Senior Site Reliability Engineer
- Dublin
- Permanent
- Full-time
Have you heard of Tenable? Our cloud-based exposure management platform built for today's dynamic IT assets, like cloud, identity, containers and web apps? Well, that's what you'll be working on in this role. You will need to continue to quickly build out the platform, scale it automatically, and make it more self-managing for our cloud customers!As a Senior SRE, you will be a champion for customer experience, proactively driving initiatives to improve our service availability and user satisfaction. This is a hands-on role where you will actively contribute to building and maintaining our robust infrastructure and services while collaborating closely with product teams to embed SRE principles throughout the entire software development lifecycle.Your Opportunity:
- Drive a culture of customer-centricity and service level objective (SLO) focus within the SRE team and throughout the organization. Integrate this philosophy into all design decisions, onboarding of new services, and daily operations, whether for infrastructure or user-facing services.

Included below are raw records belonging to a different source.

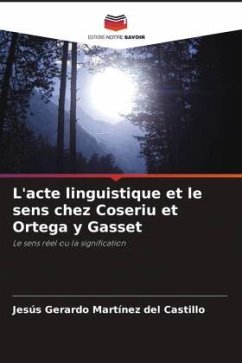 Cover L'acte linguistique et le sens chez Coseriu et Ortega y Gasset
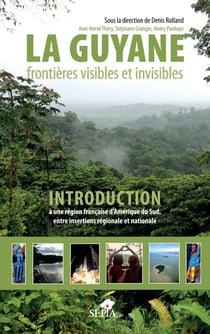 La Guyane, frontières visibles et invisibles : introduction à une région francaise d'Amerique du sud, entre insertions réglionale et nationale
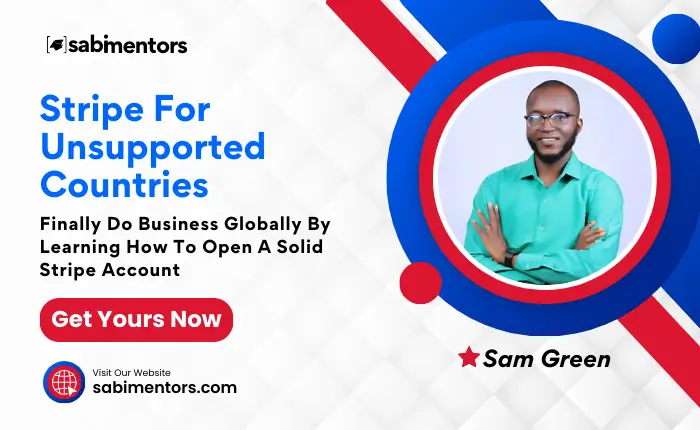 Stripe For Unsupported Countries – Finally Have A Solid Stripe Account To Do Business Globally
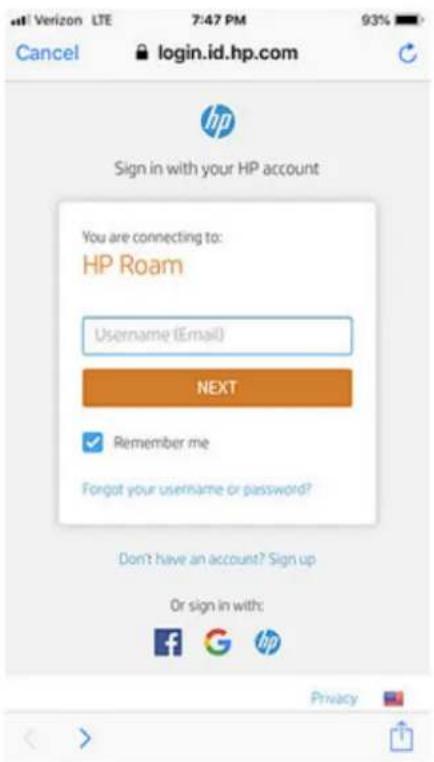 Cancel login.id.hp.com Sign in with your HP account You are connecting to: HP Roam Username (Email) NEXT Remember me Forgot your username or password? Don't have an account? Sign up Or sign in with: f G hp Privacy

- As a reliability expert, you'll partner with teams to embed SRE principles into our development lifecycle. Help translate product SLOs into actionable engineering requirements and provide guidance on building scalable, reliable, and operable services.
- You'll have the autonomy to dive deep into the code of our cloud products, troubleshoot incidents, identify performance bottlenecks, and contribute code to make them more resilient and perform flawlessly for our customers.
- Design, implement, and maintain comprehensive observability solutions for internal services, leveraging metrics, logging, and tracing to proactively identify and address potential issues.
- Employ a strong understanding of security principles to build solutions with security considerations embedded from the ground up. Champion a secure-by-design methodology across all development phases.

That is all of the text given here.